Anthem By Ayn Rand Chapter 8

Chapter Eight

It has been a day of wonder, this, our first day in the forest.

We awoke when a ray of sunlight fell across our face. We wanted to leap to our feet, as we have had to leap to our feet every morning of our life, but we remembered suddenly that no bell had rung and that there was no bell to ring anywhere. We lay on our back, we threw our arms out, and we looked up at the sky. The leaves had edges of silver that trembled and rippled like a river of green and fire flowing high above us.

We did not wish to move. We thought suddenly that we could lie thus as long as we wished, and we laughed aloud at the thought. We could also rise, or run, or leap, or fall down again.

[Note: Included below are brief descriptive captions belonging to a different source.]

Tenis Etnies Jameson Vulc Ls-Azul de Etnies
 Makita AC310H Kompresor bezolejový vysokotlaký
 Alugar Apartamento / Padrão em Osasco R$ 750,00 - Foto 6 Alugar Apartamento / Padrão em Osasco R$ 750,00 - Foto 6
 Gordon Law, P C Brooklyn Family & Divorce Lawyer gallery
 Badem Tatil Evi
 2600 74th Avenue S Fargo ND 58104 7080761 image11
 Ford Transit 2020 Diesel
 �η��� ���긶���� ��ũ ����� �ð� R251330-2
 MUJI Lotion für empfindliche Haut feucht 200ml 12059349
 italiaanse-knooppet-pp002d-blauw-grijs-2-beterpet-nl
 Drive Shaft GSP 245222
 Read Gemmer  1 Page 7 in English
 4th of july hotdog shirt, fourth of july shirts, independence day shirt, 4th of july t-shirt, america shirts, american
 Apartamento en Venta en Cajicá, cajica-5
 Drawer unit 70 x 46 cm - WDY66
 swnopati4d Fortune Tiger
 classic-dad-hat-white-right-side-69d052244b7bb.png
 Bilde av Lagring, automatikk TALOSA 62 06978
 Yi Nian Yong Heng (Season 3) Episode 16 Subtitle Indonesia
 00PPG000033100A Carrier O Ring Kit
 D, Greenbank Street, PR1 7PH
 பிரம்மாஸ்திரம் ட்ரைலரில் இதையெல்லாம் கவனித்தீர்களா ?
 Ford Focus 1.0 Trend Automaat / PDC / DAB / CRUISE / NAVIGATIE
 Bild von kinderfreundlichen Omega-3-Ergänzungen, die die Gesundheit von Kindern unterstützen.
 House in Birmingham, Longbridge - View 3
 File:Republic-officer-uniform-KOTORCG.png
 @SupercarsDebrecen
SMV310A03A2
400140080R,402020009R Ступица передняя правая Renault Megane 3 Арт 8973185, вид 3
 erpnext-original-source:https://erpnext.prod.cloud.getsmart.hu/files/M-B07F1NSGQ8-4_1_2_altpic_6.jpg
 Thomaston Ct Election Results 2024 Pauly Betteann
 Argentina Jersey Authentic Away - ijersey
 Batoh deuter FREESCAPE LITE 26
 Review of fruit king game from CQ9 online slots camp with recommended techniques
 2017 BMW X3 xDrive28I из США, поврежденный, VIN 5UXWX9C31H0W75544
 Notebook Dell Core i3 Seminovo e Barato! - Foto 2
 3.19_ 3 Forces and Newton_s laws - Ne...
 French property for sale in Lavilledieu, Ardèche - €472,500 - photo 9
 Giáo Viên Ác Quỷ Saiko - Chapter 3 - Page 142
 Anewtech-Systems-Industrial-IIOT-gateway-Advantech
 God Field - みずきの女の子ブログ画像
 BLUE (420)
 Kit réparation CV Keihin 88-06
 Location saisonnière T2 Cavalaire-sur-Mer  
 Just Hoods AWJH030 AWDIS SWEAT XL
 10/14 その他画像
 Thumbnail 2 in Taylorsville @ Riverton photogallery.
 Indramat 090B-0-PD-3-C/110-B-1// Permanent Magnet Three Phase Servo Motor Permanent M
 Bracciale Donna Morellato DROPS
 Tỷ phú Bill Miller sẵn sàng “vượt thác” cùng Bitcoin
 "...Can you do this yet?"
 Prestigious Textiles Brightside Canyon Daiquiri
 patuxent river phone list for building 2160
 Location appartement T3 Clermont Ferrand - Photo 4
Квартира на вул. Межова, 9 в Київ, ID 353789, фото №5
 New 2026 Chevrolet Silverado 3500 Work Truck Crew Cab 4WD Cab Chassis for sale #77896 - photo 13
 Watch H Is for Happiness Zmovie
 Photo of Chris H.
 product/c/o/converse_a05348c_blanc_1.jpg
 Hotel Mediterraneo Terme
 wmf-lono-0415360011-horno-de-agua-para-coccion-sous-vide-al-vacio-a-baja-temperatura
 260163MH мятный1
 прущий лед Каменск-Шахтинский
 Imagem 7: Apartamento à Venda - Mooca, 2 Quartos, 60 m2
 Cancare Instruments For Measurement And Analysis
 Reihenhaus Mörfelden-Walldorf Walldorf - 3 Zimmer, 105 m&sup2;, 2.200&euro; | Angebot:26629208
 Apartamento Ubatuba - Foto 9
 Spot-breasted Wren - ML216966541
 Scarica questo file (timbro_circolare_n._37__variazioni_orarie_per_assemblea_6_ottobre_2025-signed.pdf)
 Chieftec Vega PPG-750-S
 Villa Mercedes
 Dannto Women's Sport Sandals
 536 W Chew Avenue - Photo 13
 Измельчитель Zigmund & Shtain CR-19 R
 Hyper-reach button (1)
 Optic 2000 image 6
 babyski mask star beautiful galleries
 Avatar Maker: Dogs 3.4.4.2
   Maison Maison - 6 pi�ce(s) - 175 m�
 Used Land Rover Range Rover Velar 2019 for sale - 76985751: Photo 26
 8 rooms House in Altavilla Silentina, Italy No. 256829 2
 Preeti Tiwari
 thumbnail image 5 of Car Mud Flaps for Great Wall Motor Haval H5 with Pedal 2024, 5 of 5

We were thinking that these were things without sense, but before we knew it, our body had risen in one leap. Our arms stretched out of their own will, and our body whirled and whirled, till it raised a wind to rustle through the leaves of the bushes. Then our hands seized a branch and swung us high into a tree, with no aim save the wonder of learning the strength of our body. The branch snapped under us and we fell upon the moss that was soft as a cushion. Then our body, losing all sense, rolled over and over on the moss, dry leaves in our tunic, in our hair, in our face. And we heard suddenly that we were laughing, laughing aloud, laughing as if there were no power left in us save laughter.

Then we took our glass box, and we went into the forest. We went on, cutting through the branches, and it was as if we were swimming through a sea of leaves, with the bushes as waves rising and falling and rising around us, and flinging their green sprays high to the treetops. The trees parted before us, calling us forward. The forest seemed to welcome us. We went on, without thought, without care, with nothing to feel save the song of our body.

We stopped when we felt hunger. We saw birds in the tree branches, and flying from under our footsteps. We picked a stone and we sent it as an arrow at a bird. It fell before us. We made a fire, we cooked the bird, and we ate it, and no meal had ever tasted better to us. And we thought suddenly that there was a great satisfaction to be found in the food which we need and obtain by our own hand. And we wished to be hungry again and soon, that we might know again this strange new pride in eating.

Then we walked on. And we came to a stream which lay as a streak of glass among the trees. It lay so still that we saw no water but only a cut in the earth, in which the trees grew down, upturned, and the sky at the bottom. We knelt by the stream and we bent down to drink. And then we stopped. For, upon the blue of the sky below us, we saw our own face for the first time.

We sat still and we held our breath. For our face and our body were beautiful. Our face was not like the faces of our brothers, for we felt no pity when we looked upon it. Our body was not like the bodies of our brothers, for our limbs were straight and thin and hard and strong. And we thought that we could trust this being who looked upon us from the stream, and that we had nothing to fear from this being.

We walked on till the sun had set. When the shadows gathered among the trees, we stopped in a hollow between the roots, where we shall sleep tonight. And suddenly, for the first time this day, we remembered that we are the Damned. We remembered it, and we laughed.

We are writing this on the paper we had hidden in our tunic together with the written pages we had brought for the World Council of Scholars, but never given to them. We have much to speak of to ourselves, and we hope we shall find the words for it in the days to come. Now, we cannot speak, for we cannot understand.